June 1981.
Parliament, Nakasero Kampala.
Milton Obote stood before Parliament and told the packed chamber:
"Uganda is economically sick, and the economy needs major surgery."
He had reclaimed the presidency seven months earlier.
Now he was taking a scalpel to the shilling.
The patient was on the table.
But beyond the chamber walls, a different sickness was already spreading.
The Uganda Obote addressed was still reeling from a decade of catastrophic disintegration.
Eighteen months earlier, the country had whipsawed through Amin, Lule, and Binaisa in a frantic scramble for order.
Inflation was rampant, the black market had devoured legitimate commerce, and the nation's infrastructure lay in ruins.
He offered no gentle reassurance.
The patient was on the table, and the scalpel was in his hand.
This would not be gradual adjustment but radical intervention, a gamble that could save the patient or kill it outright.
The audience was a volatile mixture of democratic formality and military reality.
Speaker Francis Butagira, a Harvard‑trained lawyer, presided with constitutional calm.
Vice President Paulo Muwanga, the quiet architect of Obote's disputed electoral victory, sat nearby.
In uniform, the Okello Generals, Tito Okello and Bazilio Olara‑Okello, watched with the silent weight of men whose loyalty was already fraying.
Obote began with promises: salt projects, cement factories, textile mills.

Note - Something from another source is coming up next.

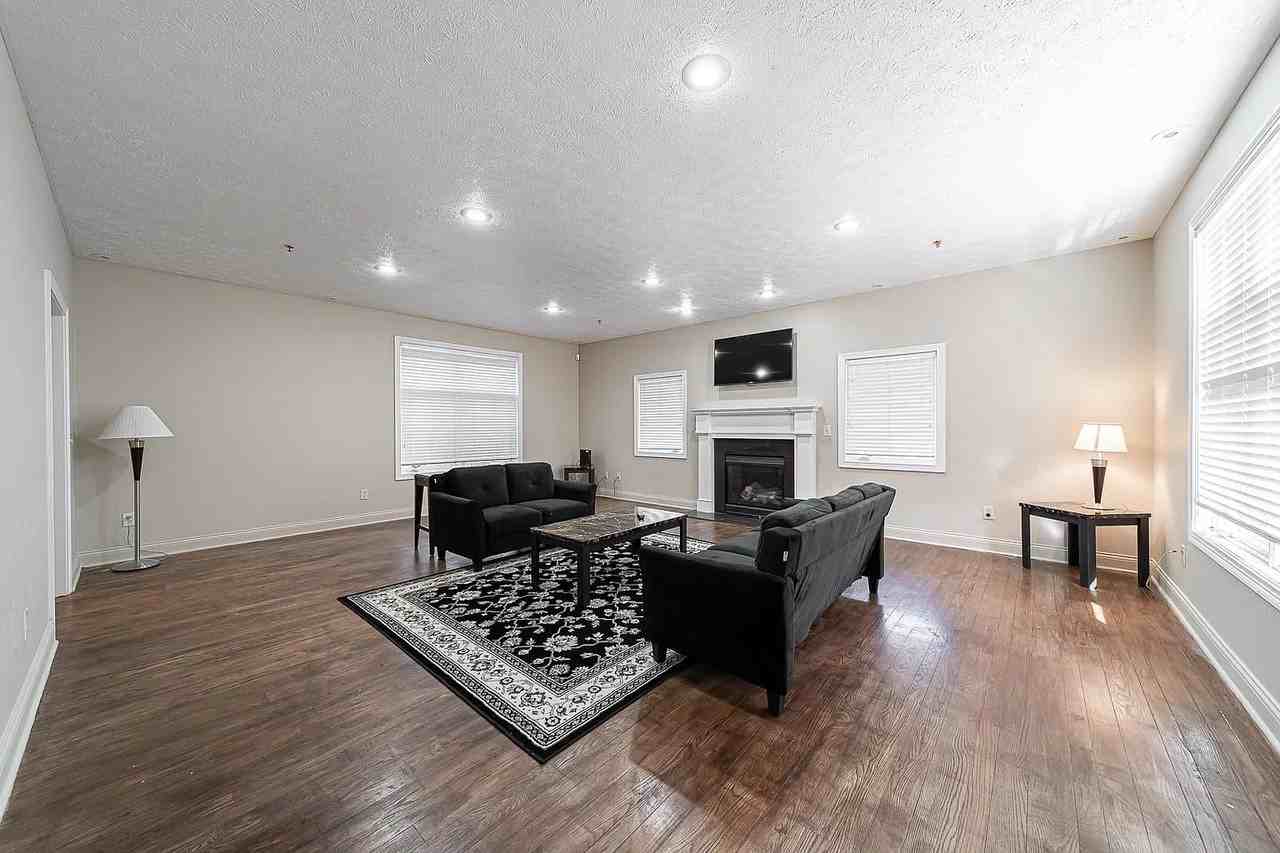 627 N Saint Peter St #1 - Photo 2 of 12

But the chamber sensed he was building toward something larger.
Then came the first tremor.
The official exchange rate of 7.08 shillings to the dollar would no longer be paid.

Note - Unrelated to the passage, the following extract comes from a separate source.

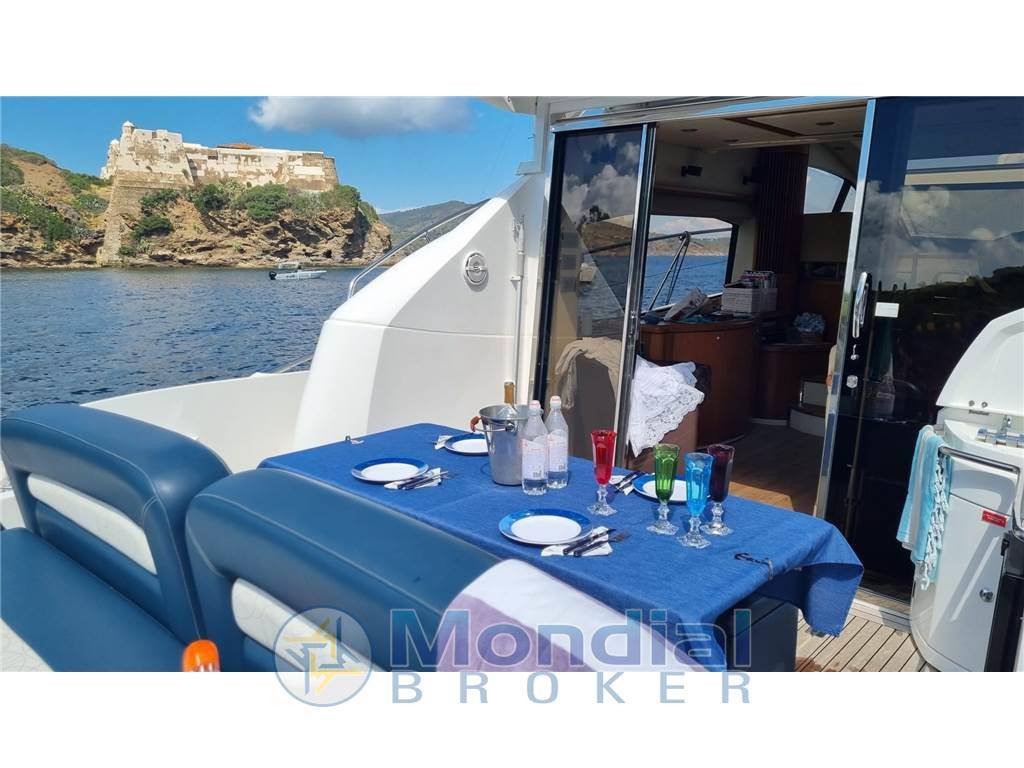 Sunseeker Predator 52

He paused, and the chamber burst into nervous laughter, men who understood the old system was finished.
He let the mirth settle, then continued:
The shilling would find its own level.
The laughter died.
A profound silence descended.
The currency would be set free, dictated solely by supply and demand, a radical leap into the orthodoxy demanded by the IMF and World Bank.
Obote observed the chaos, removed his spectacles, and smiled.
"BEER," he declared, naming an exception, and the tension shattered into genuine hilarity.
Then his face grew solemn.
"Just like a human body," he said, "Uganda needed surgery."
But the surgeon had made his incision on a patient already bleeding from wounds no scalpel could reach.
Even as he spoke of floating currencies and IMF conditionalities, the Luwero insurgency was spreading.
The checkpoints on Jinja Road were multiplying.
The "bandit" he had dismissed from his State House garden was consolidating an army.
The very forces seated before him, the UNLA generals in their uniforms, were fracturing along ethnic lines.
The economic reforms would eventually lay a foundation for recovery, but not under Obote.
Within four years, he would be overthrown again, and the patient would be wheeled back into the operating theatre by a new team.
On that June afternoon, however, in the high‑ceilinged chamber, Obote still believed he could heal Uganda with a speech.
He put on his spectacles, smiled at the MPs, and returned to his notes.
The applause, when it came, was polite but uncertain.
The surgery had been announced.
No one yet knew if the patient would survive the anaesthetic, or if the bleeding from the other wound, the one he refused to name, would prove fatal first.
What does it mean to operate on an economy while a war is already consuming the body?
Obote's address to Parliament was a masterclass in economic rhetoric, delivered by a man who had waited a decade to hold the scalpel again.
But the checkpoints told a different story, and the "bandits" he dismissed were already writing the next chapter.